▸ **What to do**
A word-for-word copy of the data is what's wanted; pictures stay out of it.

Caption-style text data:
● ● ● ● ●
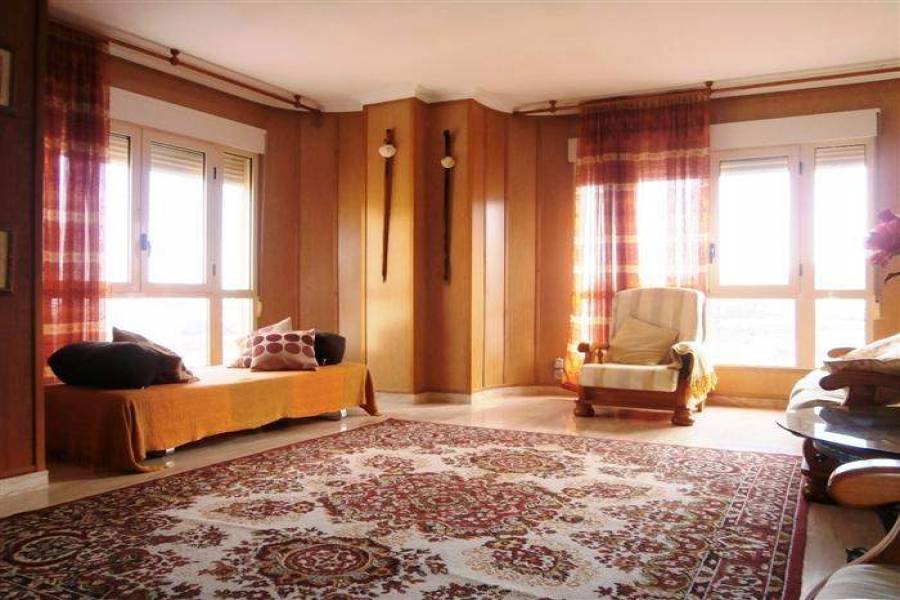 Dénia,Alicante,España,3 Bedrooms Bedrooms,2 BathroomsBathrooms,Apartamentos,20755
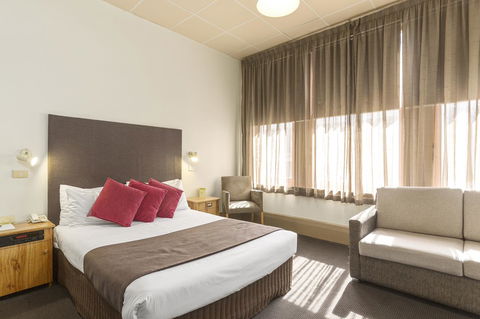 Adelaide Paringa - Accommodation Search 2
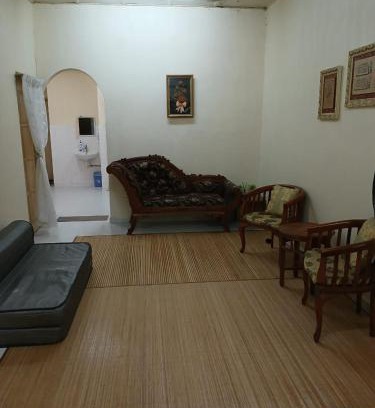 Kawasan Perindustrian Chendering House | Homestay Wanjanah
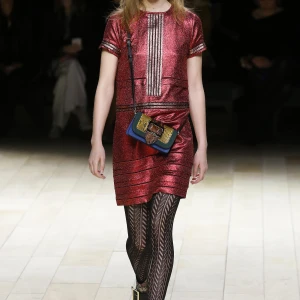 Một số mẫu ấn tượng trong BST Thu-Đông của Burberry London Fashion Week 2016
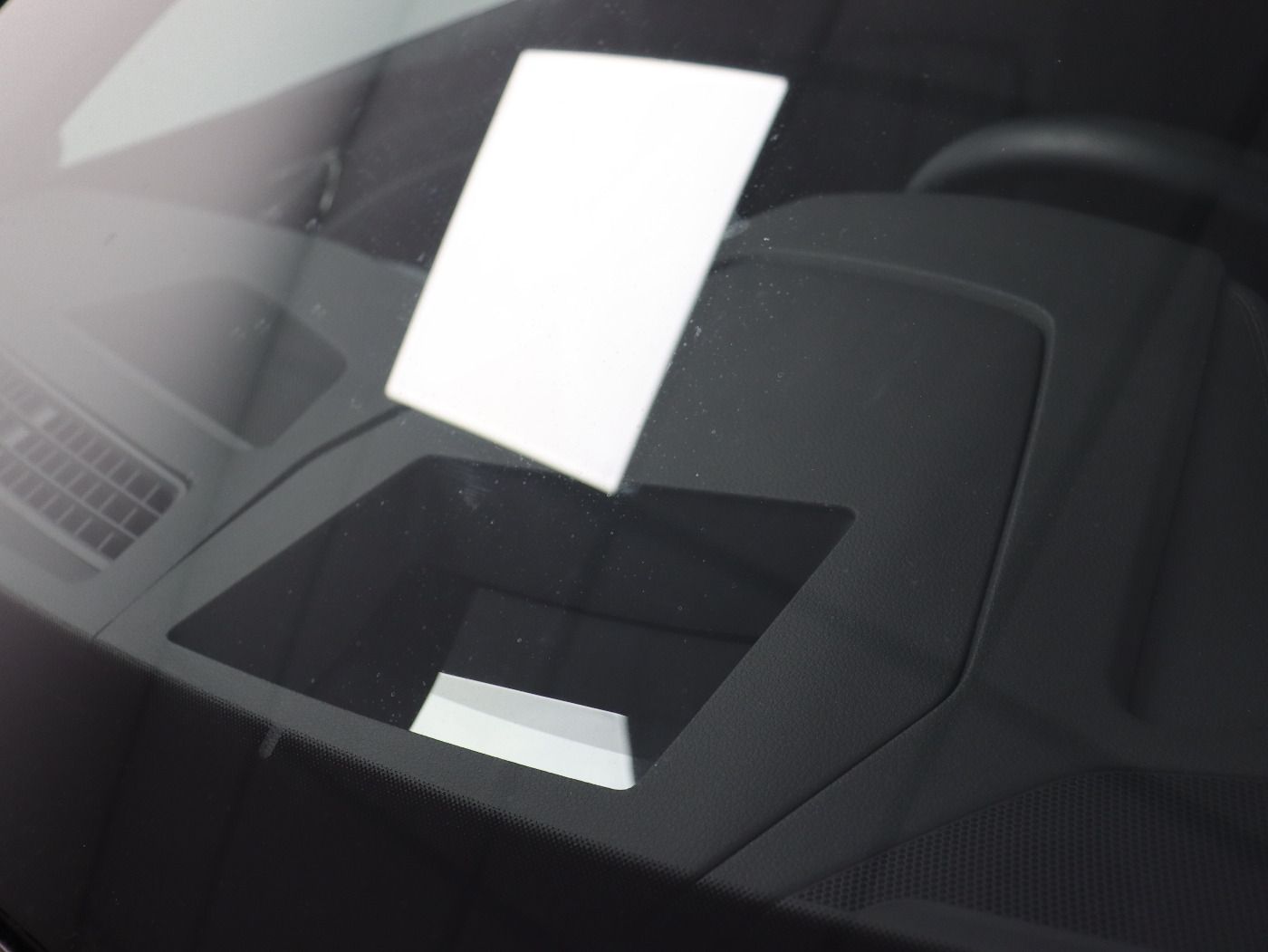 Fahrzeugabbildung Audi Q8 e-tron 55 quattro advanced |Matrix|Luft|LED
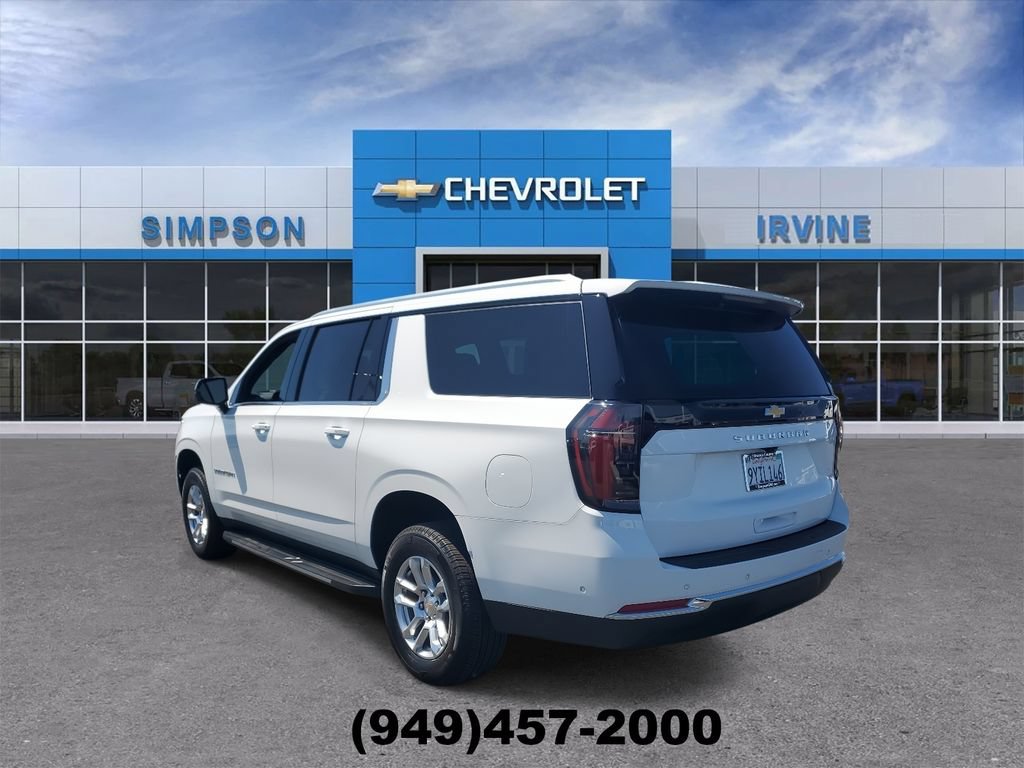 Used 2026 Chevrolet Suburban LS RWD image 6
● ● ● ● ●
▸ **Solution below**
 Dénia,Alicante,España,3 Bedrooms Bedrooms,2 BathroomsBathrooms,Apartamentos,20755
 Adelaide Paringa - Accommodation Search 2
 Kawasan Perindustrian Chendering House | Homestay Wanjanah
 Một số mẫu ấn tượng trong BST Thu-Đông của Burberry London Fashion Week 2016
 Fahrzeugabbildung Audi Q8 e-tron 55 quattro advanced |Matrix|Luft|LED
 Used 2026 Chevrolet Suburban LS RWD image 6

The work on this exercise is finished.